**** SUPPLIED INFORMATION

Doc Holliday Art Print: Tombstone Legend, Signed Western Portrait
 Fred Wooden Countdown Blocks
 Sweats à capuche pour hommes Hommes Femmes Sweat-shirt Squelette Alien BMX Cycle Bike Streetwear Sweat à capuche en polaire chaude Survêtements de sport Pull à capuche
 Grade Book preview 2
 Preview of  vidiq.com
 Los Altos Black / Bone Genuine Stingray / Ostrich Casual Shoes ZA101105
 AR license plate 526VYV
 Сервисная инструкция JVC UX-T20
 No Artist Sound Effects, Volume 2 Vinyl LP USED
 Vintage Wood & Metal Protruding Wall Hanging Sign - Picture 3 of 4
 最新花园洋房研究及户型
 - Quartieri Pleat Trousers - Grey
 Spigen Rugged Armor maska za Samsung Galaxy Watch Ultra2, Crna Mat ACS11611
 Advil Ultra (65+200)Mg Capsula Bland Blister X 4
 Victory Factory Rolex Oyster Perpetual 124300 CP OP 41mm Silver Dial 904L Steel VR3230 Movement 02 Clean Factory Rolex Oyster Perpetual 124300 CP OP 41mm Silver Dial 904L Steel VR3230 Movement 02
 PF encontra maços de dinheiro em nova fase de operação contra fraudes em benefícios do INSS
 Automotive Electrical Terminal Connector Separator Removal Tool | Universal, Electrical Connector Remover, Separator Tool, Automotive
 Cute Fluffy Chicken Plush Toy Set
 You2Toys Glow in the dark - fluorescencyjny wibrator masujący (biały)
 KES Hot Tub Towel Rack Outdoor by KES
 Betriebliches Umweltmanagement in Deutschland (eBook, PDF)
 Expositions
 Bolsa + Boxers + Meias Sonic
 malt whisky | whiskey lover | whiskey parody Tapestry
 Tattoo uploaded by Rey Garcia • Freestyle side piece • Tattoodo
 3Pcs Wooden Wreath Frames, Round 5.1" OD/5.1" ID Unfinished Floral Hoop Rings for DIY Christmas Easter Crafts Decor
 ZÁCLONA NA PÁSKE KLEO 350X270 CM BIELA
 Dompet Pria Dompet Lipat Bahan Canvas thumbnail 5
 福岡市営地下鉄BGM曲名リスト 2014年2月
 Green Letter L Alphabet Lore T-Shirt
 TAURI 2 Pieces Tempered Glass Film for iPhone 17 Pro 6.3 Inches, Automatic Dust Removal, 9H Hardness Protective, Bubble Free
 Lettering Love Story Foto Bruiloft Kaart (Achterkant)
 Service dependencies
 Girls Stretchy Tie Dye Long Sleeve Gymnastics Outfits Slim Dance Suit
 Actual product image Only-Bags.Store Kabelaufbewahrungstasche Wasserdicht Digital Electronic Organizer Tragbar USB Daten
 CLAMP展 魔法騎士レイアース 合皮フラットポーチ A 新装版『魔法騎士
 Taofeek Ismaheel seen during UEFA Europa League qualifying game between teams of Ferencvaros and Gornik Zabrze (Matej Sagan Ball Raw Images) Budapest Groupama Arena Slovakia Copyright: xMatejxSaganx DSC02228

********

* **EXERCISE**
Please reproduce the records exactly, without leaving any out.

* **YOUR RESPONSE**
Doc Holliday Art Print: Tombstone Legend, Signed Western Portrait
 Fred Wooden Countdown Blocks
 Sweats à capuche pour hommes Hommes Femmes Sweat-shirt Squelette Alien BMX Cycle Bike Streetwear Sweat à capuche en polaire chaude Survêtements de sport Pull à capuche
 Grade Book preview 2
 Preview of  vidiq.com
 Los Altos Black / Bone Genuine Stingray / Ostrich Casual Shoes ZA101105
 AR license plate 526VYV
 Сервисная инструкция JVC UX-T20
 No Artist Sound Effects, Volume 2 Vinyl LP USED
 Vintage Wood & Metal Protruding Wall Hanging Sign - Picture 3 of 4
 最新花园洋房研究及户型
 - Quartieri Pleat Trousers - Grey
 Spigen Rugged Armor maska za Samsung Galaxy Watch Ultra2, Crna Mat ACS11611
 Advil Ultra (65+200)Mg Capsula Bland Blister X 4
 Victory Factory Rolex Oyster Perpetual 124300 CP OP 41mm Silver Dial 904L Steel VR3230 Movement 02 Clean Factory Rolex Oyster Perpetual 124300 CP OP 41mm Silver Dial 904L Steel VR3230 Movement 02
 PF encontra maços de dinheiro em nova fase de operação contra fraudes em benefícios do INSS
 Automotive Electrical Terminal Connector Separator Removal Tool | Universal, Electrical Connector Remover, Separator Tool, Automotive
 Cute Fluffy Chicken Plush Toy Set
 You2Toys Glow in the dark - fluorescencyjny wibrator masujący (biały)
 KES Hot Tub Towel Rack Outdoor by KES
 Betriebliches Umweltmanagement in Deutschland (eBook, PDF)
 Expositions
 Bolsa + Boxers + Meias Sonic
 malt whisky | whiskey lover | whiskey parody Tapestry
 Tattoo uploaded by Rey Garcia • Freestyle side piece • Tattoodo
 3Pcs Wooden Wreath Frames, Round 5.1" OD/5.1" ID Unfinished Floral Hoop Rings for DIY Christmas Easter Crafts Decor
 ZÁCLONA NA PÁSKE KLEO 350X270 CM BIELA
 Dompet Pria Dompet Lipat Bahan Canvas thumbnail 5
 福岡市営地下鉄BGM曲名リスト 2014年2月
 Green Letter L Alphabet Lore T-Shirt
 TAURI 2 Pieces Tempered Glass Film for iPhone 17 Pro 6.3 Inches, Automatic Dust Removal, 9H Hardness Protective, Bubble Free
 Lettering Love Story Foto Bruiloft Kaart (Achterkant)
 Service dependencies
 Girls Stretchy Tie Dye Long Sleeve Gymnastics Outfits Slim Dance Suit
 Actual product image Only-Bags.Store Kabelaufbewahrungstasche Wasserdicht Digital Electronic Organizer Tragbar USB Daten
 CLAMP展 魔法騎士レイアース 合皮フラットポーチ A 新装版『魔法騎士
 Taofeek Ismaheel seen during UEFA Europa League qualifying game between teams of Ferencvaros and Gornik Zabrze (Matej Sagan Ball Raw Images) Budapest Groupama Arena Slovakia Copyright: xMatejxSaganx DSC02228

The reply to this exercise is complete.